Multiple Backwards Pass Error with Retain_Graph=True #4078

smiret-intel · 2022-06-02T19:15:51Z

🐛 Bug

In order to run DGL based GNNs on use-cases like the OpenCatalyst project, multiple backwards passes are required, which are currently not supported in the latest DGL versions. OpenCatalyst is a major dataset for science based GNN applications and currently support only PyTorch Geometric, which has support for multiple backwards passes.
We believe that we have tracked this error to sparse.py and tensor.py in the backend folder for pytorch (linked here) where the context (ctx) gets set to None at various instances (example). We have attached preliminary patches that appear to circumvent this issue, but cause issues with distributed data parallel training, which are necessary for effective training in OpenCatalyst.

Files for the backend-patch and the minimal test script referenced below are attached.
dgl_bug_report_double_autograd.zip

To Reproduce

Steps to reproduce the behavior:

Run the attached minimal test script (autograd_tester.py or simple-test.py inside the backend-patch directory):

Multiple backwards passes not possible giving the following error:

Traceback (most recent call last): File "autograd_tester.py", line 83, in <module> train(g, model) File "autograd_tester.py", line 71, in train loss.backward() File "/opt/conda/lib/python3.8/site-packages/torch/_tensor.py", line 363, in backward torch.autograd.backward(self, gradient, retain_graph, create_graph, inputs=inputs) File "/opt/conda/lib/python3.8/site-packages/torch/autograd/__init__.py", line 173, in backward Variable._execution_engine.run_backward( # Calls into the C++ engine to run the backward pass File "/opt/conda/lib/python3.8/site-packages/torch/autograd/function.py", line 253, in apply return user_fn(self, *args) File "/opt/conda/lib/python3.8/site-packages/torch/cuda/amp/autocast_mode.py", line 135, in decorate_bwd return bwd(*args, **kwargs) File "/opt/conda/lib/python3.8/site-packages/dgl/backend/pytorch/sparse.py", line 149, in backward gidx, op, reduce_op, X_shape, Y_shape, dtype, device, reduce_last = ctx.backward_cache TypeError: cannot unpack non-iterable NoneType object

Expected behavior

The minimal test script would go through without issues as multiple backwards passes can be done using retain_graph=True as with other pytorch functions. This should also work in a distributed data parallel setting and integrate with all other DGL functionalities.

Environment

DGL Version (e.g., 1.0): 0.8.2
Backend Library & Version: PyTorch
OS (e.g., Linux): Linux
How you installed DGL (conda, pip, source): Conda install
Build command you used (if compiling from source): conda in stall -c dglteam dgl-cuda11.3
Python version: 3.8
CUDA/cuDNN version (if applicable): 11.3
Any other relevant information:

Additional context

The simple patch we provided allows the simple example to go through, but there is still a problem with distributed data parallel training which fails with a segmentation fault. This indicates that the patch we provided does not address this. For our use case, this is very important to do training runs. DDP and multiple backwards passes worked with DGL version 0.5 and 0.6 and were referenced in a prior issue (#1046).

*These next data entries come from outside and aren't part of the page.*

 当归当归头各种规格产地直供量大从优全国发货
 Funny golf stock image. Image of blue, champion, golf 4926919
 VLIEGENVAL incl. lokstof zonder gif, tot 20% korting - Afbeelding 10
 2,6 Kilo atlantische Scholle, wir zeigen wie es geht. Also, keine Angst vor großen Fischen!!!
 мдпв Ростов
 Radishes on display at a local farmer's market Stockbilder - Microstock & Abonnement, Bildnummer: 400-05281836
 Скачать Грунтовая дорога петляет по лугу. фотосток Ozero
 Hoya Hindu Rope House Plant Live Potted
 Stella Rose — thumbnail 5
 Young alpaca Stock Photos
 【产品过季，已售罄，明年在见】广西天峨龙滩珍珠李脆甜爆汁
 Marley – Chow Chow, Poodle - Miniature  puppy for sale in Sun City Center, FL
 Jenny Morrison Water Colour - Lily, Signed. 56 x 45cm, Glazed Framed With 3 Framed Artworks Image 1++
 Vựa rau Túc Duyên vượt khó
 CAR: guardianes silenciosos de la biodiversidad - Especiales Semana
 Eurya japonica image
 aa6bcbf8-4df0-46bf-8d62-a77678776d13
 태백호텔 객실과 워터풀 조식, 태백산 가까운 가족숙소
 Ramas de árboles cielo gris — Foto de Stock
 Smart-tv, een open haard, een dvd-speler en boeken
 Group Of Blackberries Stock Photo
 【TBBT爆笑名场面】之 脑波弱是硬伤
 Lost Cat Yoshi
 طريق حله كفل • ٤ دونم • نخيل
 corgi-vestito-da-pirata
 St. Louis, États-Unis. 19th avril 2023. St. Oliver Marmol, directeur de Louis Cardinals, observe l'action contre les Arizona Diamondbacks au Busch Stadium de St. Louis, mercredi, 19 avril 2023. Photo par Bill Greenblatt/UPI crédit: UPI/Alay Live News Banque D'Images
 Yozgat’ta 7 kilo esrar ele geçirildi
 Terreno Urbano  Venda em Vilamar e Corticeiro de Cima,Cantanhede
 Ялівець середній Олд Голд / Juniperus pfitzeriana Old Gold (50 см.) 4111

The text was updated successfully, but these errors were encountered:

BarclayII · 2022-06-06T06:57:11Z

When do we need multiple backward passes? Does any of the example in OCP require multiple backward passes?

smiret-intel · 2022-06-06T13:21:11Z

It's needed whenever forces are computed via the gradient, which is most models (e.g. DimeNet, SchNet). Since forces are the derivative of energy, and the output of the GNN model is energy, the first pass is to get forces and the second pass is to do the gradient updates for the GNN model.

BarclayII · 2022-06-13T06:39:43Z

I see. So does that mean we need to support second-order gradients of our message passing functions?

smiret-intel · 2022-06-13T07:29:26Z

Yes - ideally it would be multiple order gradients (minimum second order, but also potentially higher) with an API that is compatible with PyTorch's retain_graph=True and create_graph=True that works natively with PyTorch tensors (and also PyG).

BarclayII · 2022-06-20T06:49:47Z

I checked the code and it seems that the statement ctx.backward_cache = None is breaking the retain_graph functionality, and removing it no longer causes memory leak in PyTorch 1.10. Could you try removing that statement and see if it fixes your problem?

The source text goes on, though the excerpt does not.